What about the purpose of the tablet? Why clay? ‘The Philological Crocodile’ has posted a suggestion that it’s a votive offering made by a rhapsode. That seems very plausible, given the find location at the temple of Olympian Zeus.

It still poses some mysteries. Votive offerings with verse inscriptions are normally stone, or some object of personal significance. Also, the writing on this tablet is frankly sloppy: the lines are uneven, the line divisions and many letters are scrawled. If I had paid a scribe to make a votive offering for me and this was the result, I would not be happy. The choice of passage is also curious: why should the description of Eumaeus’ stockyard be apt, regardless of what kind of offering it is? I’m interested to see what ideas anyone has about these questions.

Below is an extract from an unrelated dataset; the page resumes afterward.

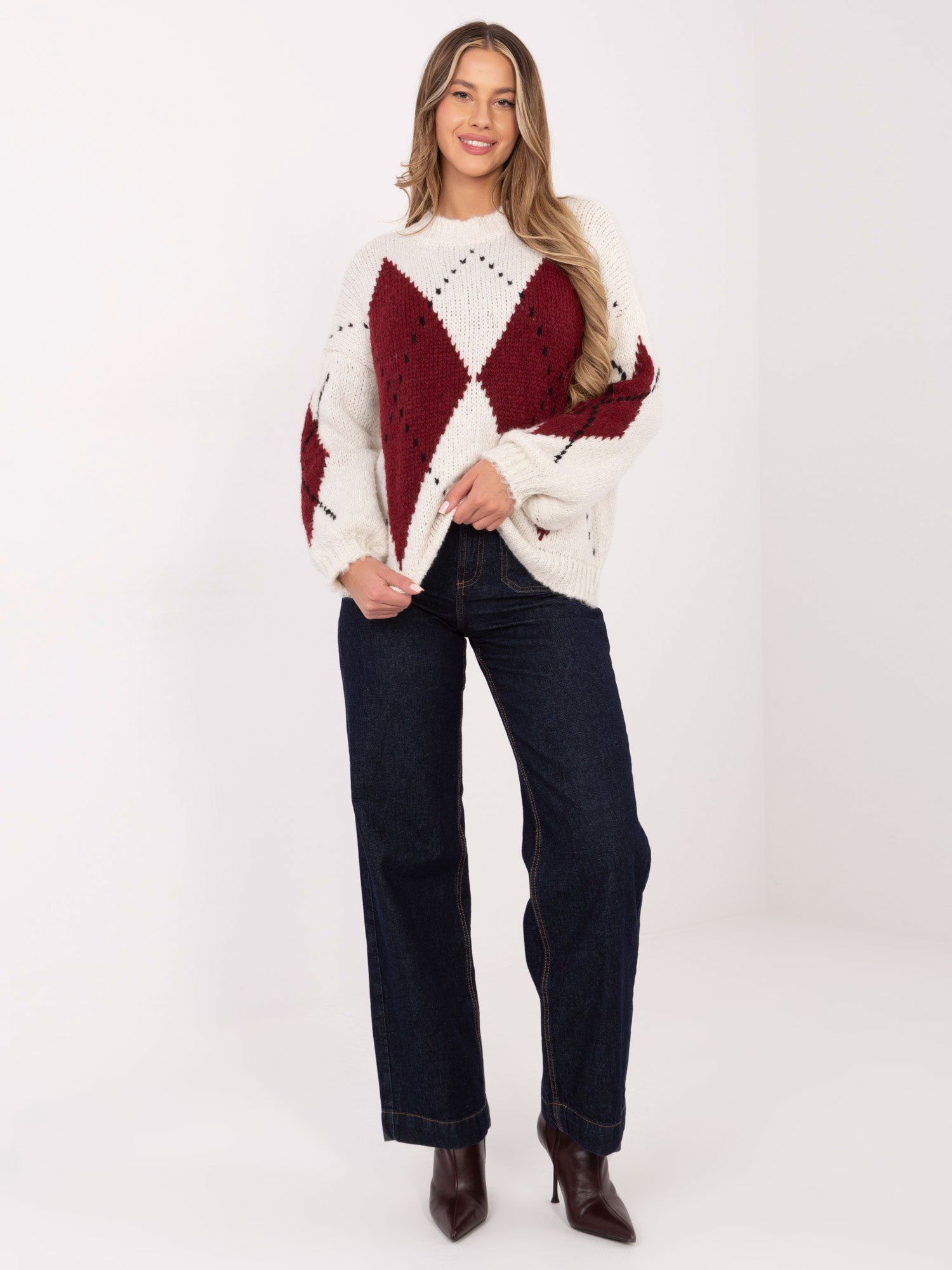 Šiltas oversize stiliaus megztinis su vilna "AICHA" pieno balta - Image 2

Miscellaneous misinformation

There’s a fair amount of other misinformation floating around in the news reports on this tablet -- some coming from the press release, some from Wikipedia, some from other half-remembered sources. Briefly:
  • In the passage on the tablet Odysseus does not address ‘his lifelong friend Eumaeus’, as the BBC and some other sources have put it. It’s a description of Eumaeus’ farm, and Eumaeus is Odysseus’ slave.
  • The Odyssey does not date to the 11th century, and even the 8th century is a push. ‘The eighth century date is more often stated than argued for’, as Barbara Graziosi has memorably put it. The mid-7th century is a more likely date.

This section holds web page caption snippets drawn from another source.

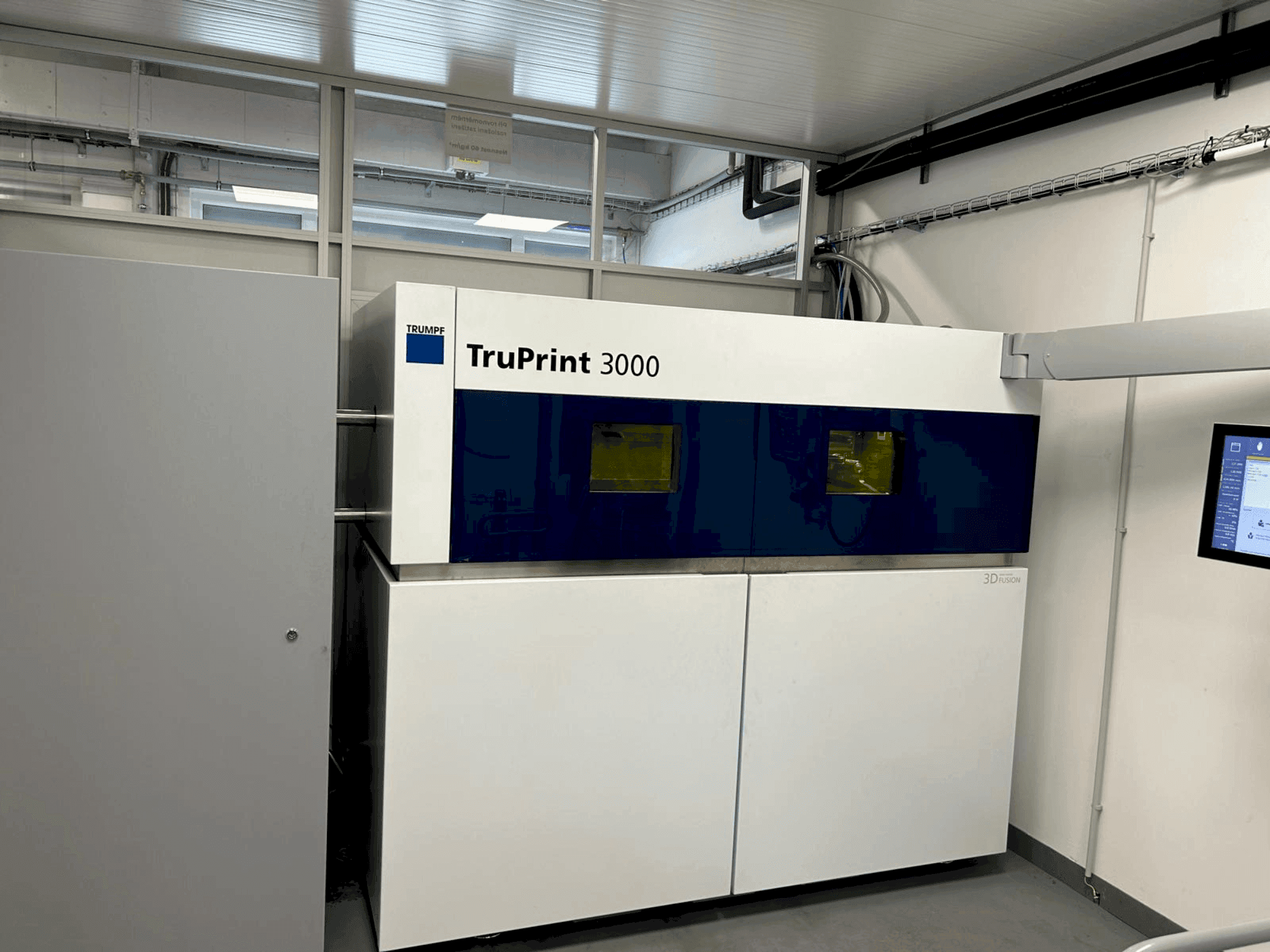Frontansicht der TRUMPF TruPrint 3000 Maschine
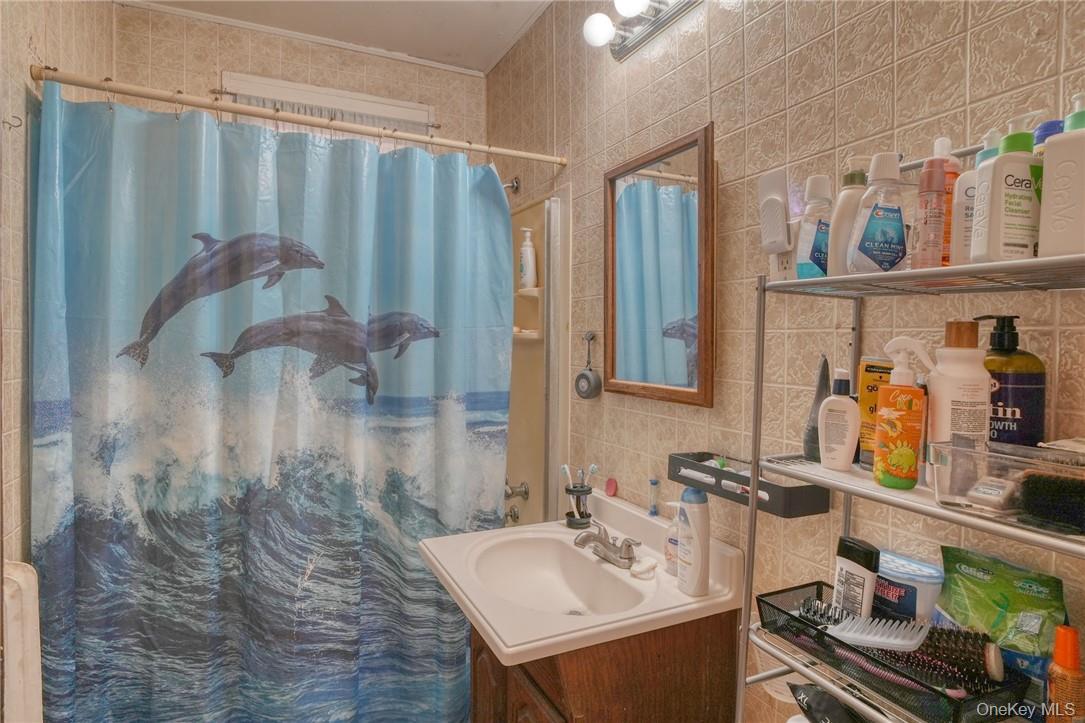 32 Balding Avenue, Poughkeepsie, NY 12601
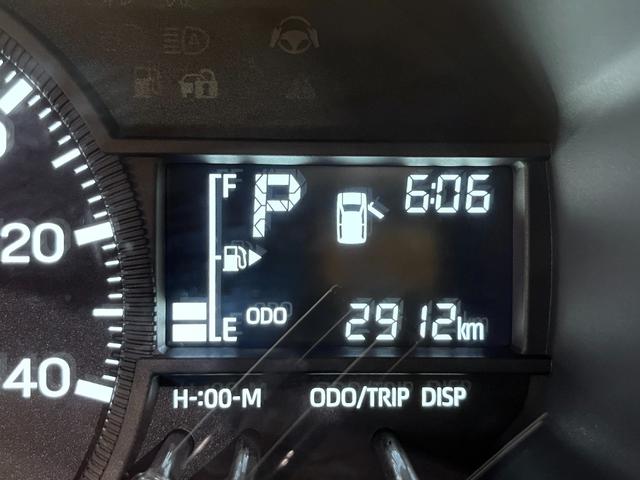 ハイゼットカーゴ デラックス　４ＷＤ　ＡＭ／ＦＭラジオ　両側スライドドア　オートライト　キーレスエントリー　アイドリングストップ　衝突被害軽減システム　レーンアシスト　オートマチックハイビーム　ティーゼットデオプラス（10枚目）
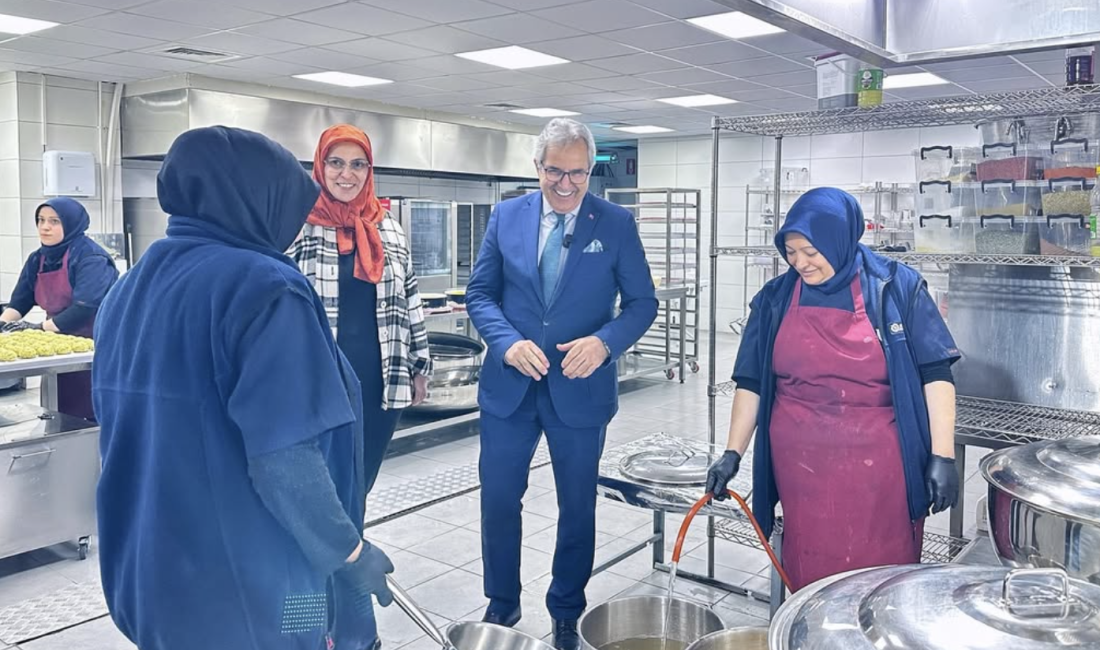 Bandırma Belediye Başkanı Dursun Mirza: “Dayanışmayı Büyütmeye Devam Ediyoruz” Bandırma Belediye Başkanı Dursun Mirza, ihtiyaç sahibi hemşehrilerine yönelik başlattıkları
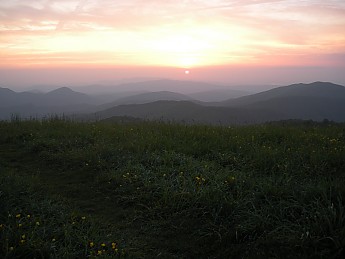 Max-Patch-Summit-Sunset.jpg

  • While there was an oral epic tradition, that does not mean that a fluid Odyssean narrative was floating around waiting for someone to write it down and turn it into a canonical form. First, we can’t be sure when it was written down: there’s no guarantee that the seventh century date involved a transcription event. Second, the Odyssey feeds on many legendary narratives, including an Oresteia narrative and an Argonautica narrative, of which either, or more probably neither, may have existed in epic form. We can’t know that the story of Odysseus’ homecoming would have been at all recognisable in a hypothetical period prior to those influences.
  • There is no evidence that the Greek alphabet was invented to write down Homer: that’s a fringe theory, and scarcely any Homer scholar outside the University of Wisconsin believes it.